I’m not some dinosaur that refuses to embrace technology Because. But what I most definitely am is someone who tries to objectively evaluate the utility of something against what I envision my future needs will be.
I would think the people who froth at the mouth about “If you cant eat it, shoot it, or set fire to it, it’ll be useless after the apocalypse!” will lump bitcoin in there with gold as having no post-collapse utility.
As I see it, gold and silver (and perhaps bitcoin) have utility in the descent from “Times of Plenty” to “Thunderdome”.
Bitcoin does have an interesting use though…as long as there is internet you have a portable, secure, anonymous way to move your wealth. While getting on a plane from Dubai to London with a couple kilos of gold may cause some problems at customs, you can, I suppose, transport that same amount of wealth with nothing but a few passwords in your head.
Do I see a need for bitcoin in my preparations against an uncertain future?

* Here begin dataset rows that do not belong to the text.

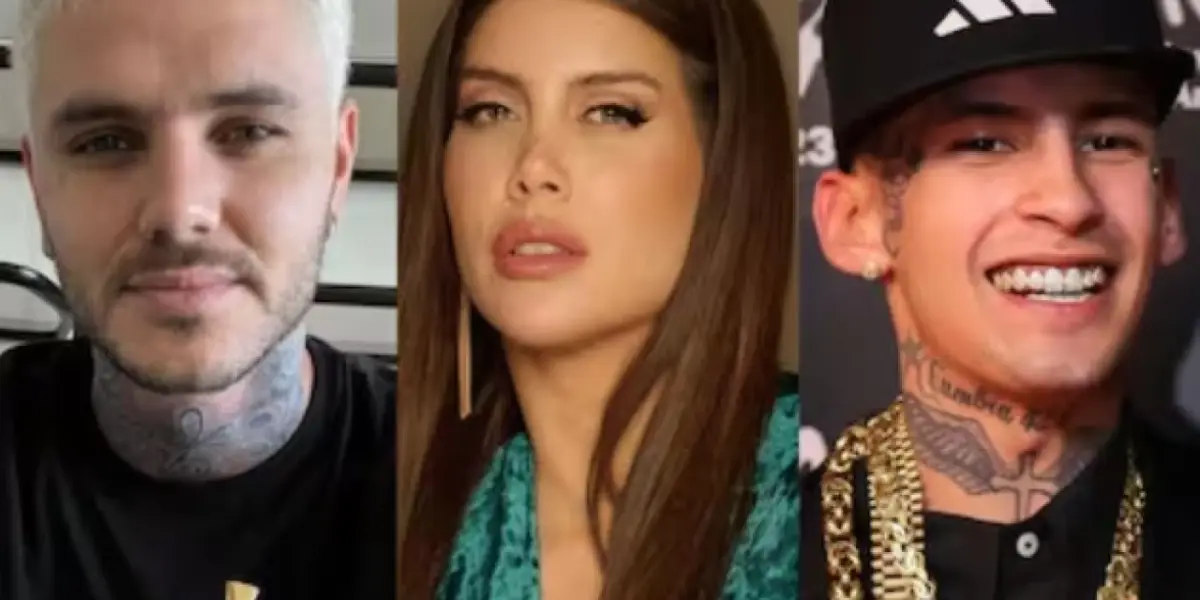 Wanda Nara - Icardi İlişkisi Bitti: 'Maçoluk' Açıklaması Gündem Oldu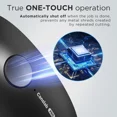 thumbnail image 5 of Hands-Free Ultrablade PRO Can Opener - Side Cut Tech, USB Rechargeable & Compact, 5 of 5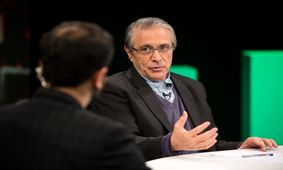 اینکه بگوییم مملکت مال ما حزب‌اللهی‌هاست، یک تفکر صهیونیستی است/ موطن سازی بر اساس عقیده، یک تفکر صهیونی است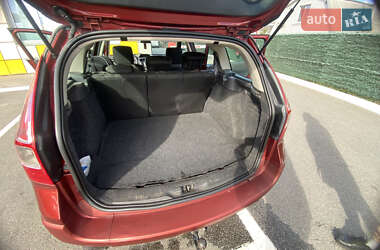 Универсал Renault Megane 2007 в 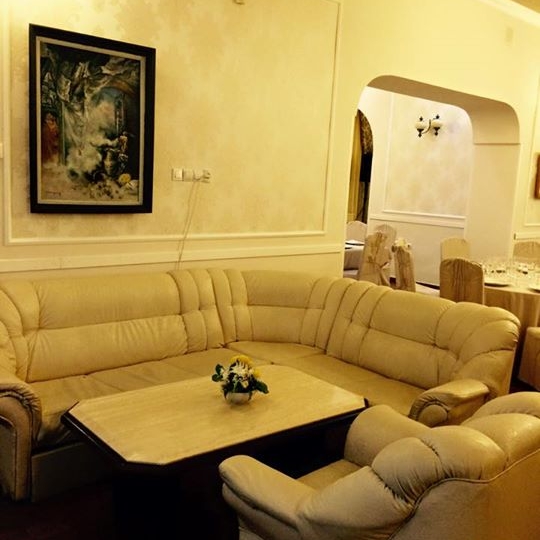 Imagini Restaurant Casa Carp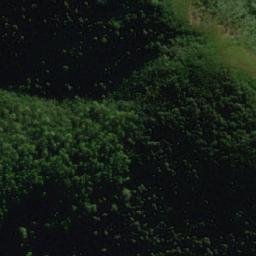 Satellite imagery of Mount Razorback, AU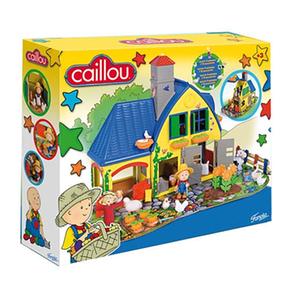 Juguetes hotsell de caillou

I dont think so. But Im also the first to admit that I am probably terribly underinformed on the subject. However, would I divert resources from other preparations I make towards getting bitcoin into those preparations? I would not. I’m just more comfortable with a mix of cash, metals, and, honestly, paperless handguns, as a method of doing commerce…pre- and post-collapse. (And, really, most of my ideas about a sustained collapse are based on economic issues rather than comets/Xenu/rapture/bird flu/nuclear holocaust.)
However, and this is a big however, it might be prudent to dump a hundred bucks into it and just let it sit there in case it blows up again. Much like how penny stocks are fun to play.